**About this task:**
Look through the records below and copy each line that includes the word "page".
+++ Data for this exercise +++
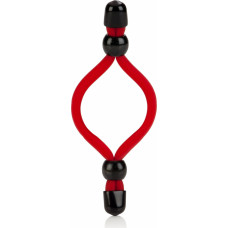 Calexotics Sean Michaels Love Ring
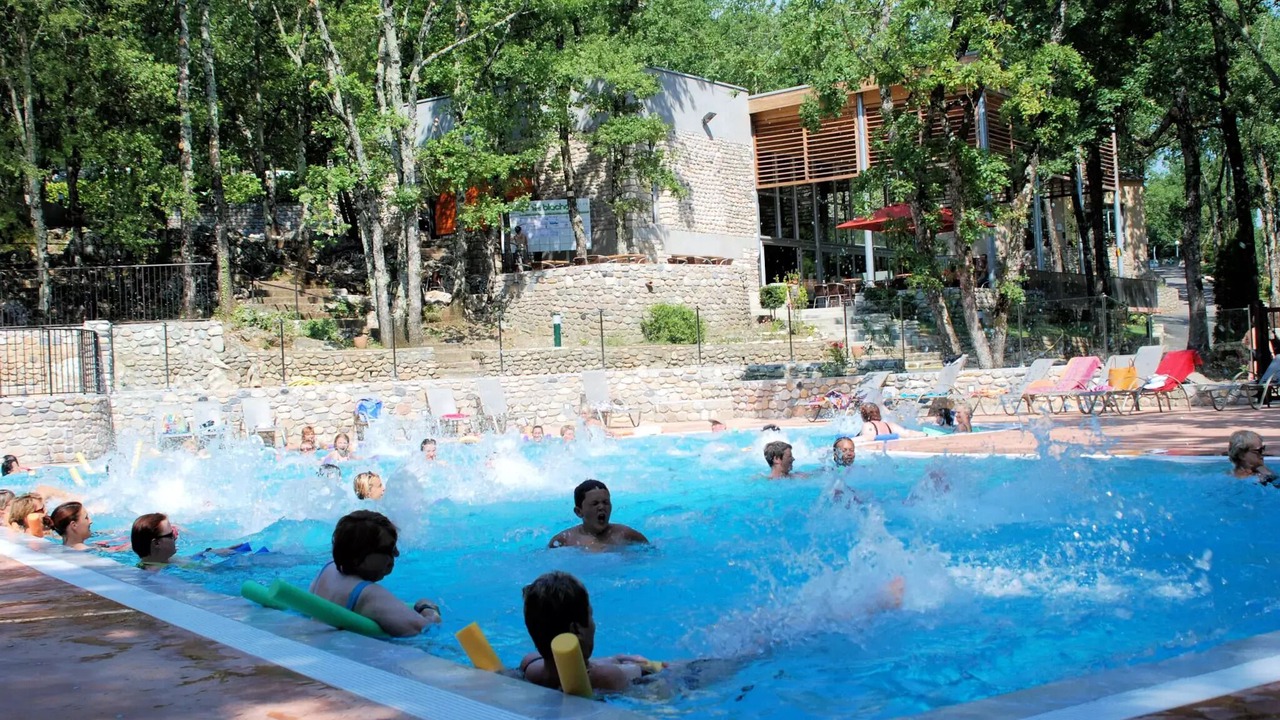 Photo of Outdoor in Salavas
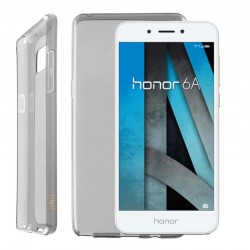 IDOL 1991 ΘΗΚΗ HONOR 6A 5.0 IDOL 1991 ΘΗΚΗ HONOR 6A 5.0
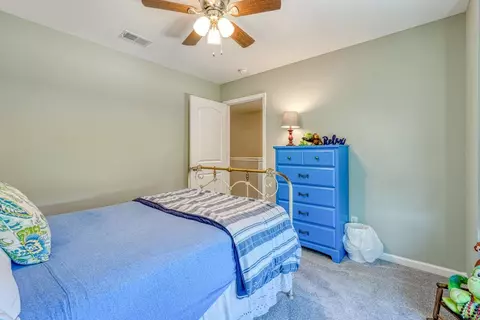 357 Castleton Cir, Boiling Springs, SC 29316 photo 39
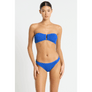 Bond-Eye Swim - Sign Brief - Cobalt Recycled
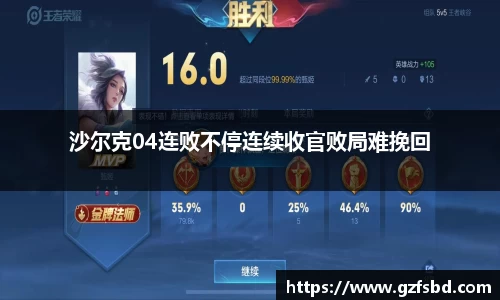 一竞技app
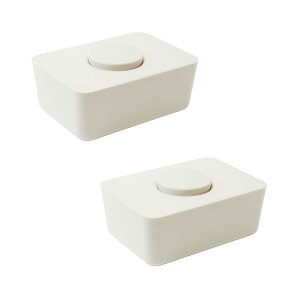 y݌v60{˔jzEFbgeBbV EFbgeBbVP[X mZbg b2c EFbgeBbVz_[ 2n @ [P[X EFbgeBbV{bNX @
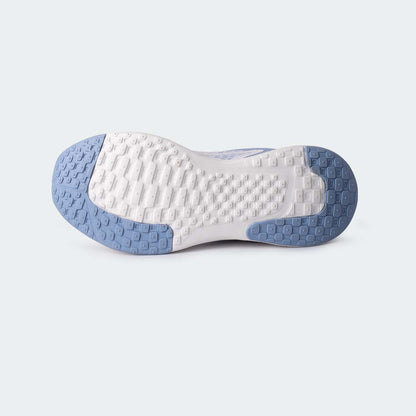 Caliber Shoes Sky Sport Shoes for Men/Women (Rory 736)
+++
+++ Data for this exercise +++
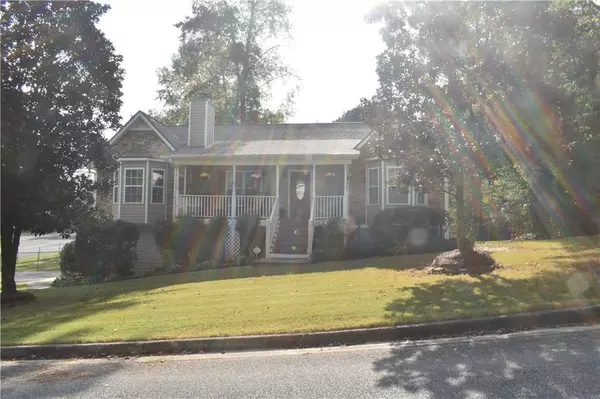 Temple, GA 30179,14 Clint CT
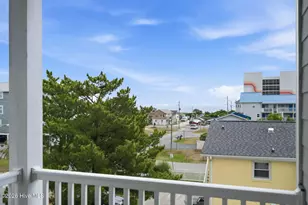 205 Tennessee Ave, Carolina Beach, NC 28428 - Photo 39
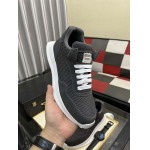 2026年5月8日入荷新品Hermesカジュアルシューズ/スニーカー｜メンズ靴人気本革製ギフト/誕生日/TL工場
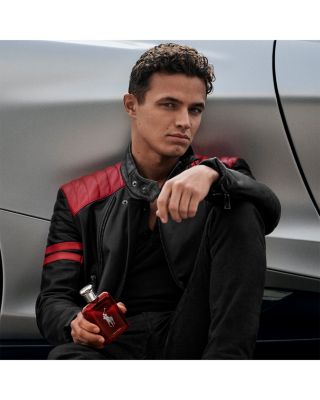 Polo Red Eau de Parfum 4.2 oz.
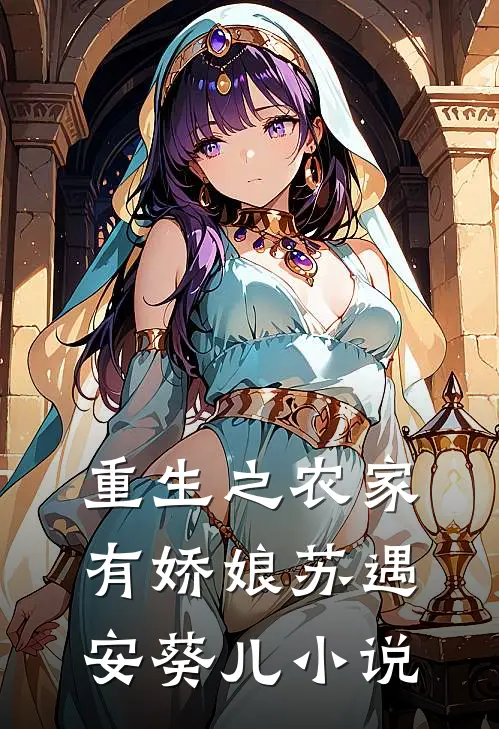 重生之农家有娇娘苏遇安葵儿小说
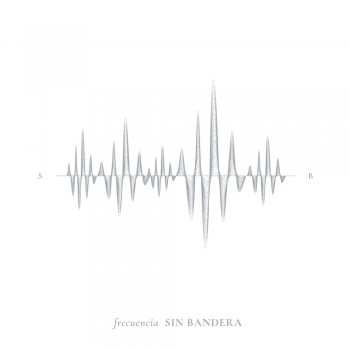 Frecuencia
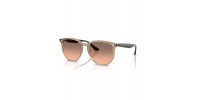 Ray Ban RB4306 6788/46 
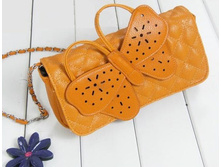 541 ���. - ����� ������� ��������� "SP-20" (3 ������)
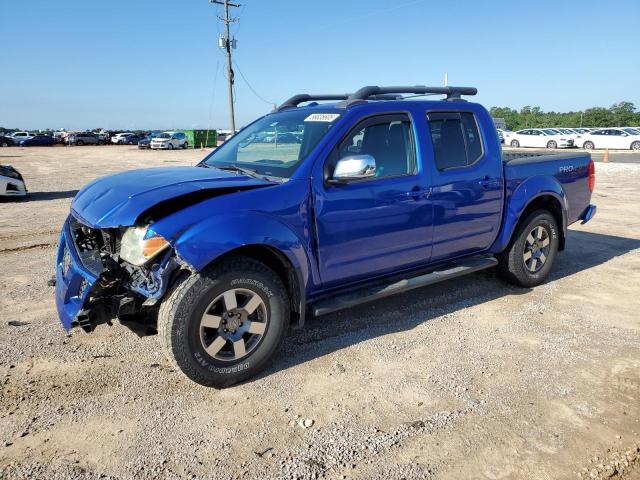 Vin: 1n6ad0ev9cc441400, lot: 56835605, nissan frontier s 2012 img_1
+++
+++ Data for this exercise +++
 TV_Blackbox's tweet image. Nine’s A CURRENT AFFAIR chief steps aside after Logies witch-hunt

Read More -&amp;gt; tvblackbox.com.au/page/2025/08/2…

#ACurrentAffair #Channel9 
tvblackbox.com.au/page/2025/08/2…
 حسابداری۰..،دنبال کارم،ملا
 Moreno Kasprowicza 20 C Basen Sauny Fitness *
+++
**Task response:**
Read More -&amp;gt; tvblackbox.com.au/page/2025/08/2…
tvblackbox.com.au/page/2025/08/2…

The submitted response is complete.